Regards and good luck


----------



## New Berlin RR (Feb 11, 2012)

yes its a late model decoder, it has the abilities to do the effects, however when consulting documentation its limited information and really not a lot of help, heck im would be happy if I could get it to be where the front light is on and the rear just flashes...I know lighting both front and rear can be done, it has done it before so just trying to figure out how to make it basicially behave the same but only difference is the front light is full brightness and the rear just acts like either a mars light or flashes while going forward...(I plan to use this loco as a "pusher" down the road so thats why im looking to set it this way.

alternate option would be same loco being a pusher and its front light is dim/off and the rear just flashes/strobes....


----------



## Brakeman Jake (Mar 8, 2009)

A configuration challenge...love that...what's your decoder brand/model?


----------



## tankist (Jun 11, 2009)

You didn't confirm the make of your decoder. If it is FX3 equipped digitrax then here are the instructions on how to configure the FX3 functionality: WWW.digitrax.com/products/attributes/fx3 
they provide examples below as well.


----------



## New Berlin RR (Feb 11, 2012)

its the DH123, 8-pin type, my bad, the green and purple (i think) wires were cut as I did not need them and I also wanted to make sure the decoder was not going to be shorted or what ever, so they got snipped.

when I get home Ill open the engine and get the exact name, but I know its the blue DH123 in gold, but i cant remember if there any further lettering or what ever

I looked over that and its confusing me even more now, so as far as I see the CV 49 and CV50 are what i want to use for this, which is fine, that is what I want cool, but how to set up the CV is throwing me for a loop...


how I understand it is for a forward light with mars effect I just need to put 02 in the CV49 spot, and if I want to have it go in reverse 02 goes into CV 50, am i understanding this correctly?


----------



## NIMT (Jan 6, 2011)

Ther answer is NO.
You can not make a light with a singe function be both directional and flashing with that decoder.
It is one of there economy decoders and has limited programming ability.


----------



## New Berlin RR (Feb 11, 2012)

ok cool, what decoder do you suggest for what I want Sean? also rereading the document it sounds like that if I find a decoder that can do what I want I want to program it with the following below, let me know if im on the correct thought track/process with this at least...
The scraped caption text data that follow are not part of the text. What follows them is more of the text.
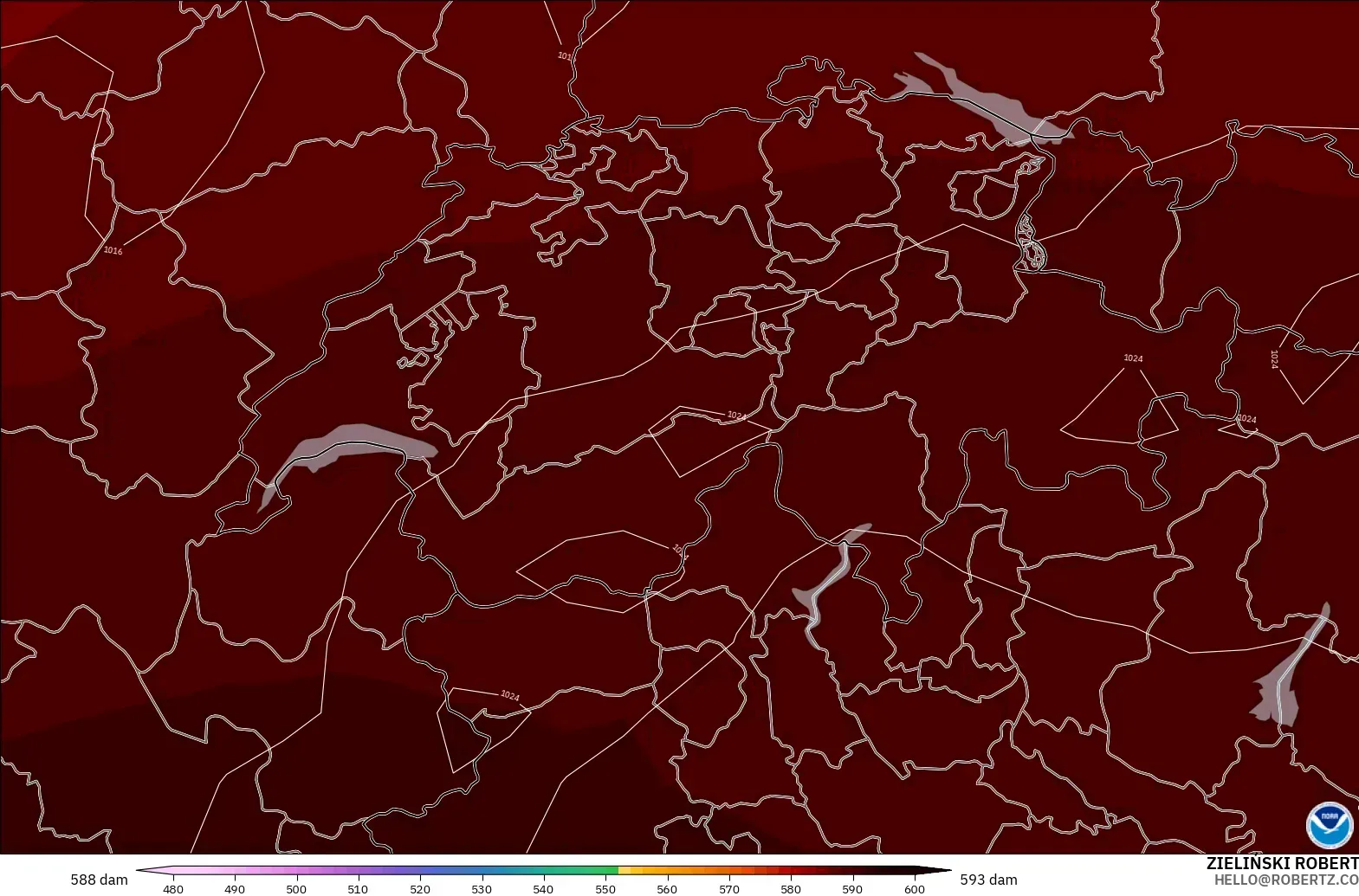 GFS modelo - Suíça, Altura geopotencial a 500 hPa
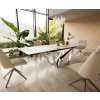Jedálenský stôl Edge 200-300x100 keramický Calacatta Luxe biely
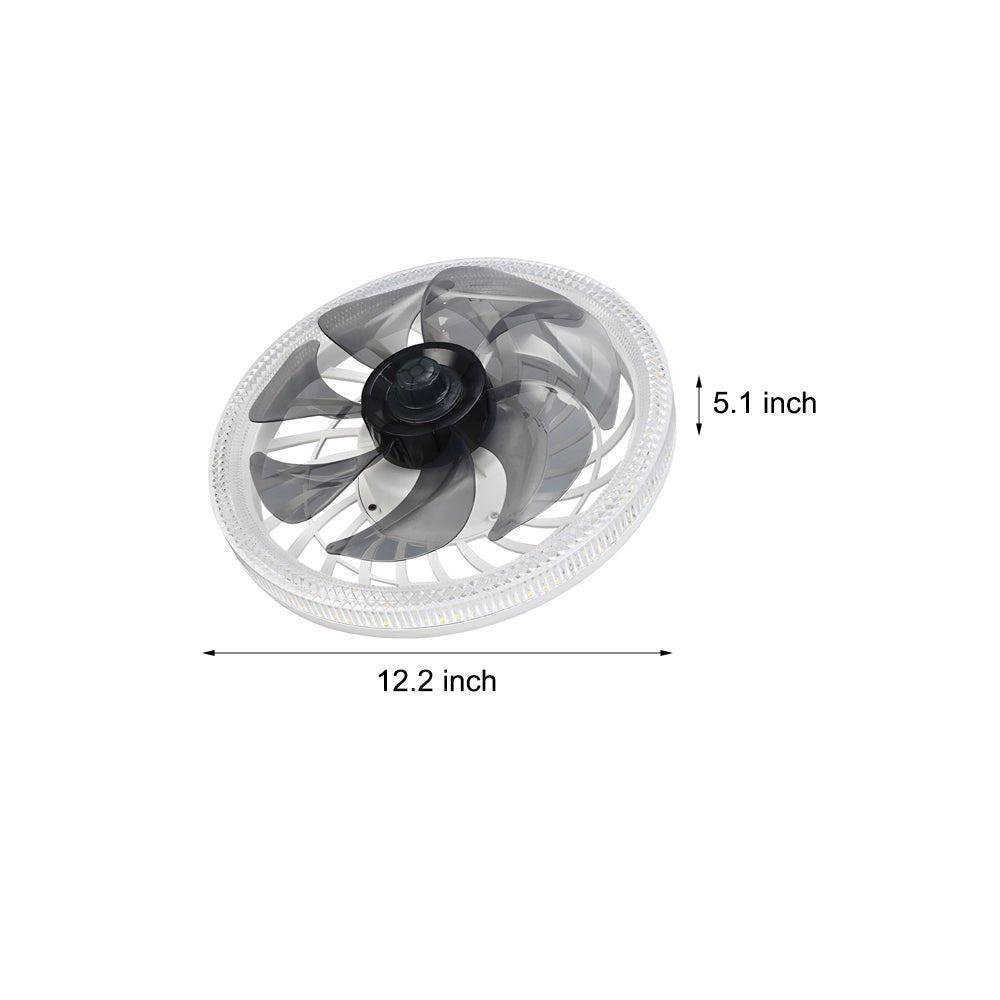 12.2" Low Profile LED Flush Mount Ceiling Fan with 7 Blades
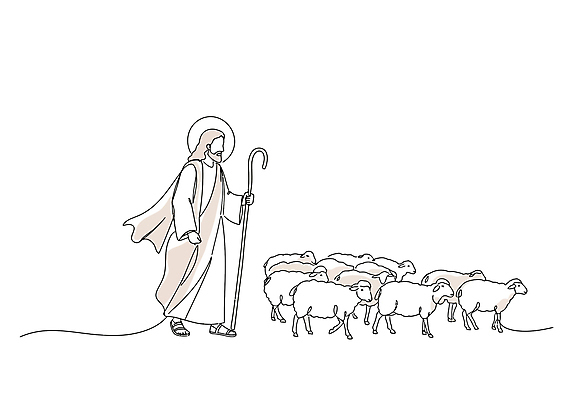 전신 남자 기독교 라인일러스트 일러스트 지팡이 한명 성인 걷기 주황색 예수 라인아트 양떼 성인남자한명만 국내일러스트 AI파일 1 종교 선 컬러 모션 사람 양 신_종교 남자한명만 성인남자만 파일형식 벡터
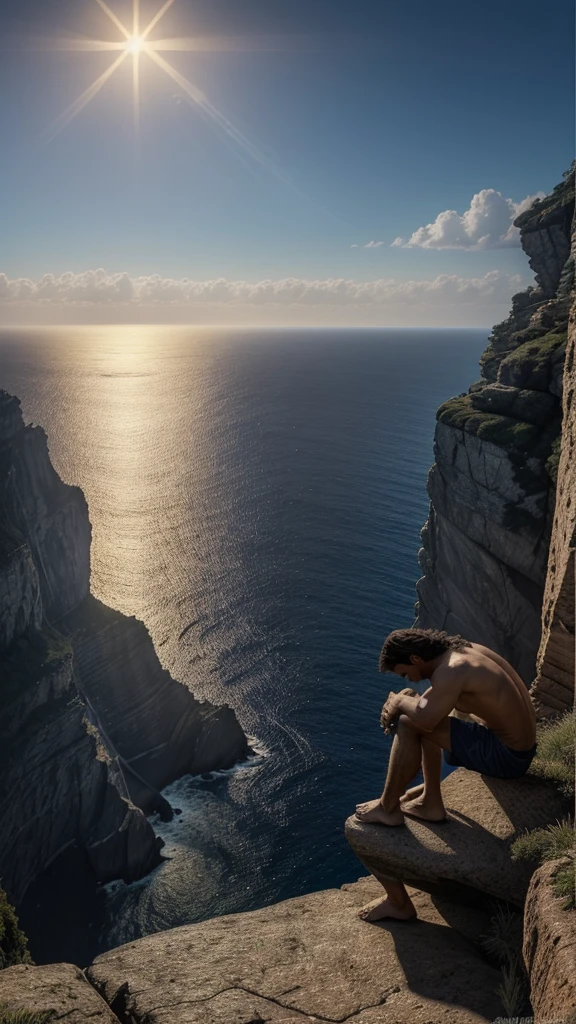 a man sitting on top of a cliff next to the ocean, a picture, inspired by Christophe Vacher, jesus face, praying at the sun, 😃😀😄☺🙃😉😗, high quality picture, kneeling in prayer, profile picture, his eyes are closed, 256x256, ! holding in his hand !, avatar image, jesus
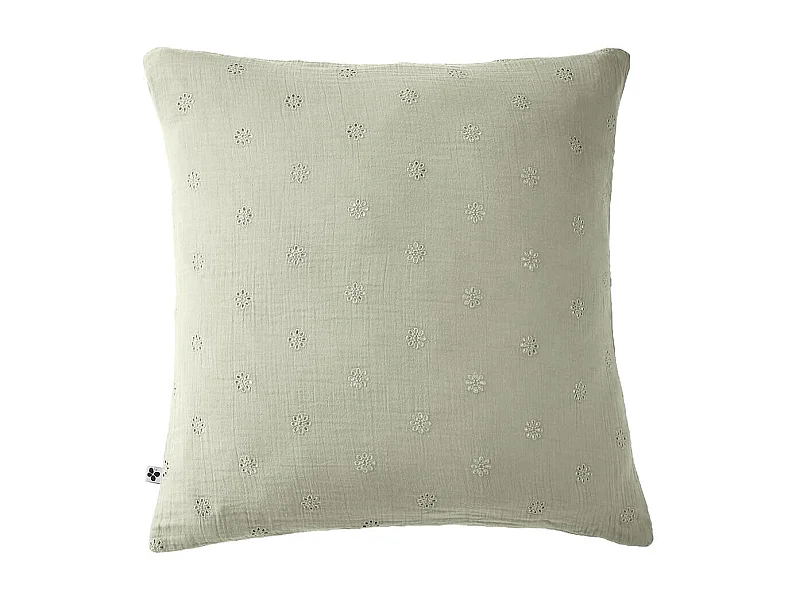 OUREA MOTIF - Taie d'Oreiller 60x60cm Gaze de Coton Vert d'Eau à Fleurs Ajourées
CV49 = 00 (forward directional ON)
CV50 = 02 (forward, directional, ON while in forward opperation with MARS function)


am i correct in how im interpreting it all? or should I use 20, and 22 since I really want it to be more or less non directional?


----------



## NIMT (Jan 6, 2011)

If you would run and use JMRI it will give you a visual of what your changing.


----------



## New Berlin RR (Feb 11, 2012)

NIMT said:


> If you would run and use JMRI it will give you a visual of what your changing.
> View attachment 25183


Right, I understand that but im talking if I am at a club or what ever and I don't have access to JMRI and I have to do it with the CVs them selves...but I am going to use the JMRI interface but just want to make sure im understanding the whole CV bit them selves....


----------



## NIMT (Jan 6, 2011)

CV's are not Cut and Dried.
Changing one CV may or may not cause a specific action to happen.
Example to go from the factory default Address of #3 to #8
Requires you to only change CV1 From 3 to 8
Yet changing from address of #3 to #5586
Requires you to change CV17 from 0 to 213, CV18 from 0 to 210, and CV29 from 6 to 38.


----------



## New Berlin RR (Feb 11, 2012)

ah ok, well I suppose ill just use JMRI for the ease of it anyways....but I am determined to learn how to be good with CVs anyways...


----------



## NIMT (Jan 6, 2011)

Do what you want... But know this; CV's can be different for every model and manufacturer of decoder.
So when you think you know it all you wont!


----------



## New Berlin RR (Feb 11, 2012)

lol I know we will never know it all, but we can at least try and learn... anyways JMRI is simple and it works so I ain't fixing it


----------



## New Berlin RR (Feb 11, 2012)

UPDATE: I finially figured out how to set the chip up to do what I was wanting it to do where the front and rear lights are on going forward but when going in reverse only the rear lamp is on, so I finally figured that out so im thrilled about that


----------



## New Berlin RR (Feb 11, 2012)

another update I got the program to do what I was wanting, I had to tell the decoder that I wanted it to run both F0F and F0R (yellow/white wires) when it was going forward, and then when in reverse to only run the F0R so after testing both on a DC set up and the club layout which is DCC it is working how I wanted, so now its just fine tuning the behaviors of the lights to what I want now


----------



## ravex1049 (Dec 19, 2011)

Thanks for posting this info, it's helpful.


----------



## New Berlin RR (Feb 11, 2012)

cool, glad to help


----------